# Maenofferen Slate mine, Blaenau Ffestiniog, North Wales, July 2020



## HughieD (Aug 1, 2020)

*1. The History*
Maenofferen slate quarry is situated near the North Wales town of Blaenau Ffestiniog, between the Manod and Moelwyn Mountains. Situated at 400m, it was first worked by men from the nearby Diphwys mine circa 1800 and by 1848 slate was being transported via the Ffestiniog Railway. This ceased in 1857 but traffic resumed shortly after as a steady flow of slate was dispatched via the railway. The quarry was initially named "David Jones" mine until it was renamed in 1861 when the Maenofferen Slate Quarry Co. Ltd. was incorporated. That year it produced around 400 tons of slate and the next year the leasing of a wharf at Porthmadog for onward distribution.

During the nineteenth century the quarry flourished and expanded, extending its workings underground and further downhill towards the nearby Blaenau Ffestiniog. By 1897 it employed over 400 people with nearly half of the men working underground. The Ffestiniog Railway continued to be the quarry's major transport outlet. However, given there was no direct connection to Ffestiniog's terminus at Duffws, slate was sent via the Rhiwbach Tramway which ran through the quarry. This put the quarry at a slight disadvantage to its rivals as it incurred extra shipping costs. In 1882, it produced 8,600 tons making it the fifth largest producer in the Ffestiniog area

It began large-scale use of locomotive power on its internal tramways from around 1900 and in 1908 the company leased wharf space at Minffordd, installing turntables and sidings, allowing finished slates to be shipped to the standard gauge railway there. Following the First World War, Maenofferen had moved up to the third largest slate producer in the Ffestiniog region and in 1918 it introduced hydro-electric power. Two years later in 1920 the company solved its high shipping costs by building a new incline connecting its mill to the Votty & Bowydd quarry. This allowed it to ship its products via that company's incline which was in turn connected to the Ffestiniog Railway at Duffws. In 1928 Maenofferen purchased the Rhiwbach quarry, continuing to work it and use its associated Tramway until 1953.

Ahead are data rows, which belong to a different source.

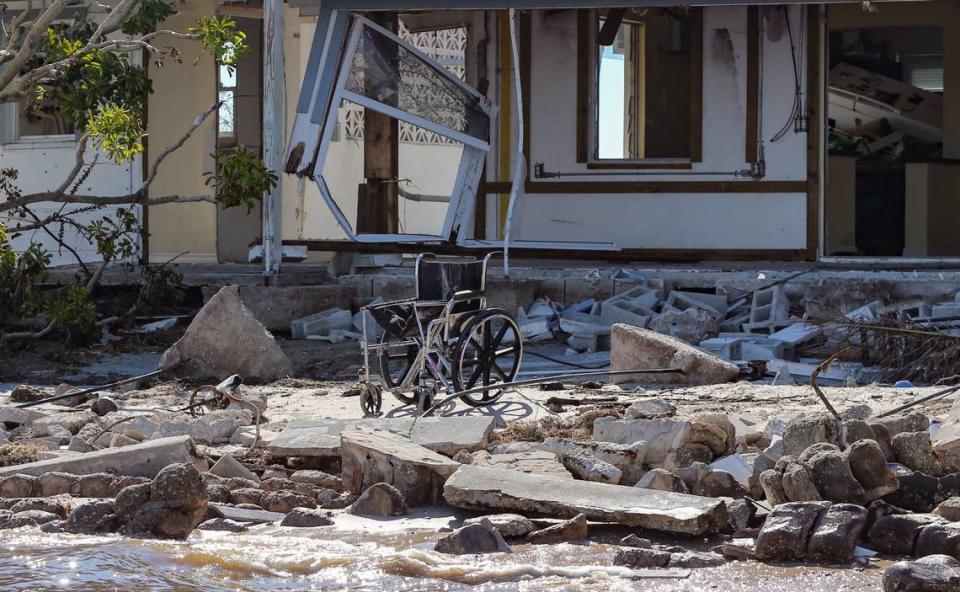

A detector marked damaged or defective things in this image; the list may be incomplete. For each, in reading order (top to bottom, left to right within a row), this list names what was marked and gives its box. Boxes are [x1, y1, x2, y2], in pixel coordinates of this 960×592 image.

broken concrete slab [159, 286, 292, 380]
broken concrete slab [612, 322, 740, 386]
broken concrete slab [0, 434, 202, 480]
broken concrete slab [270, 416, 496, 458]
broken concrete slab [342, 428, 462, 506]
broken concrete slab [442, 468, 728, 536] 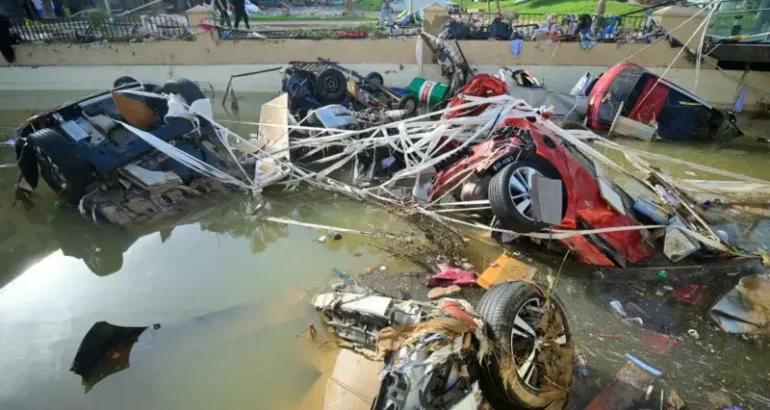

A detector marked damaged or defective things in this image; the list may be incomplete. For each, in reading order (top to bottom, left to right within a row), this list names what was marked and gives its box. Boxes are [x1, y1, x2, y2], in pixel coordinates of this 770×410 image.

overturned car [14, 75, 282, 226]
wrecked car body [13, 75, 286, 226]
wrecked car body [310, 282, 568, 410]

After the Second World War, fortunes declined and then in 1946, the Ffestiniog Railway ceased operation. In response, Maenofferen leased a short length of the railway's tracks between Duffws station and the interchange with the LMS railway, west of Blaenau Ffestiniog. Slate trains continued to run over this section until 1962. Maenofferen became the last slate quarry to use any part of the Ffestiniog Railway's route. From 1962 slate was shipped from the quarry by road, although the internal quarry tramways, including stretches of the Rhiwbach tramway, continued in use until at least into the 1980s.

By 1972 the mine was only employing 60 men and had an annual output of 1,200 tons. The quarry was purchased by the nearby Llechwedd quarry in 1975 and underground production at Maenofferen continued until November 1999. Production briefly recommenced via the "untopping" of underground workings to recover slate from the supporting pillars of the chambers along with the recovery of slate from the quarry tips, for crushing and subsequent use. 

Now owned by J. W. Greaves and Sons Ltd, Blaenau Ffestiniog, it continues to produce crushed slate on a limited scale under the ownership of the nearby Llechwedd quarry, employing just 6 men.

Here’s link to a really interesting video animation (with sub-titles) reconstructing the history and work of Maenofferen slate quarry as commissioned by Royal Commission on the Ancient and Historical Monuments of Wales:



*2. The Explore*
It’s the first morning of my hols in North Wales and outside, true to form, it’s pissing down. So where do I decide to go? Half-way up a mountain to the legendary Maenofferen slate mine! After a 40-or-so-minute drive from our holiday cottage I’ve parked up and ready to head into the rain. I must have looked a right sight in my green wellies and floral umbrella. Needs must though. The rain was relentless and the visibility poor, but after a hike up the mountain just I was beginning to give up all hope, like a ghost of the Welsh’s slate mining industry, the outline of the cutting sheds rose up out of the rain. I very quickly took shelter in what small part of the building that had its roof intact and, with only the company of the odd sheep that passed through, began taking pictures.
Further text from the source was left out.